[Records for processing]
= = = = = = =
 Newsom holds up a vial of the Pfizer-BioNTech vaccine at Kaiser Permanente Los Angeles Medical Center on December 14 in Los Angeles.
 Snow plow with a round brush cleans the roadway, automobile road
= = = = = = =
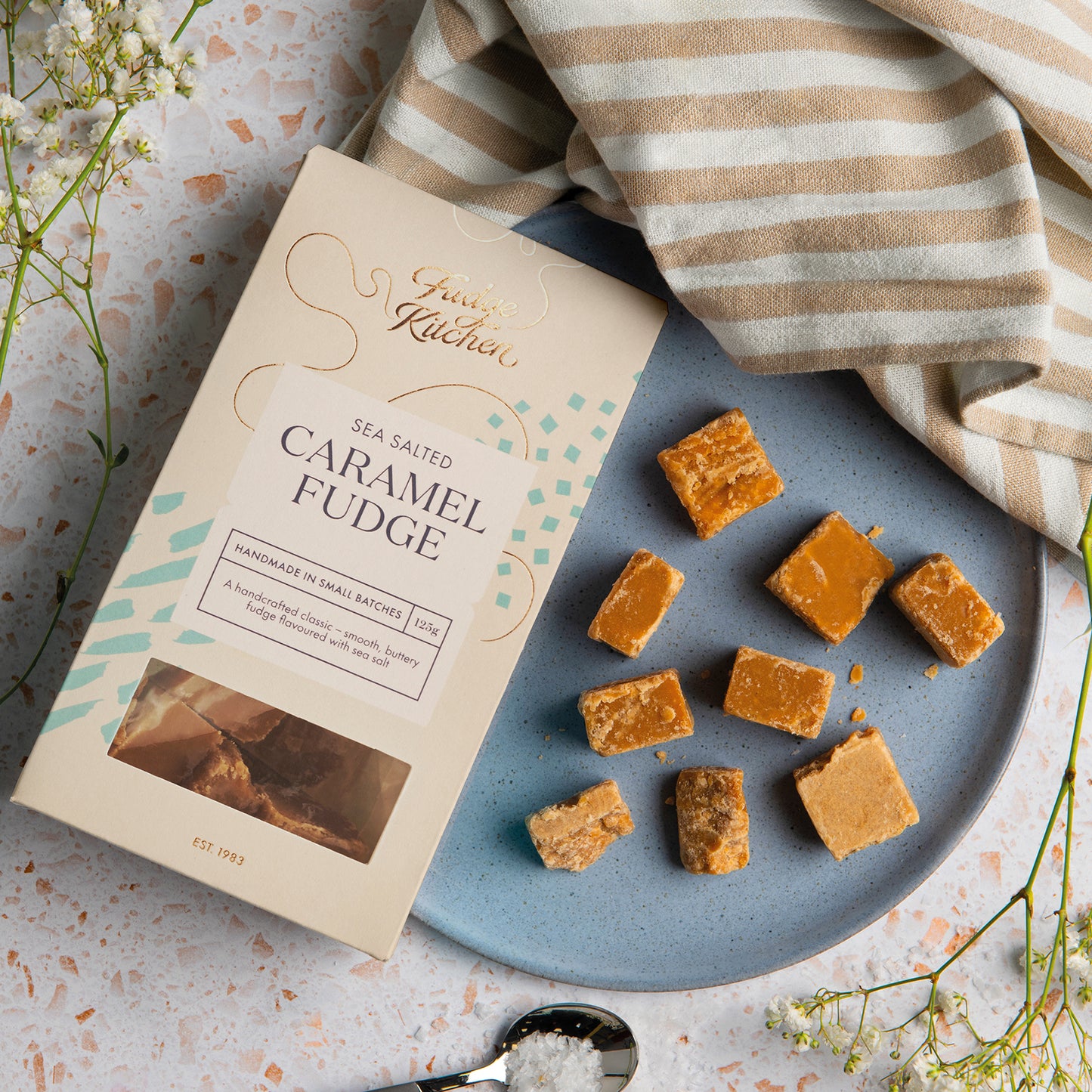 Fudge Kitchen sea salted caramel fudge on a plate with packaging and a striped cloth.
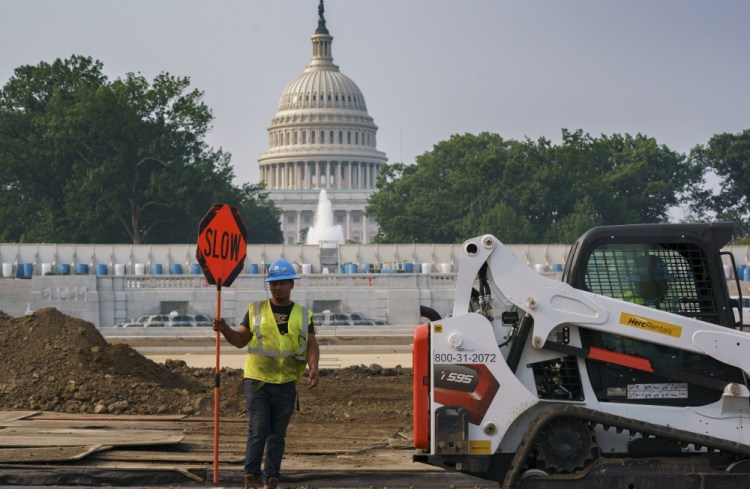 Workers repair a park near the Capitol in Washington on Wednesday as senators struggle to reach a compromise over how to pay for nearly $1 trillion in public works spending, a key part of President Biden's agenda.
= = = = = = =
[To do] The lines to extract from the data above begin with the line containing "Newsom holds up" and end with the line containing "Snow plow with". Extract them exactly, including both.

[Solved problem]
 Newsom holds up a vial of the Pfizer-BioNTech vaccine at Kaiser Permanente Los Angeles Medical Center on December 14 in Los Angeles.
 Snow plow with a round brush cleans the roadway, automobile road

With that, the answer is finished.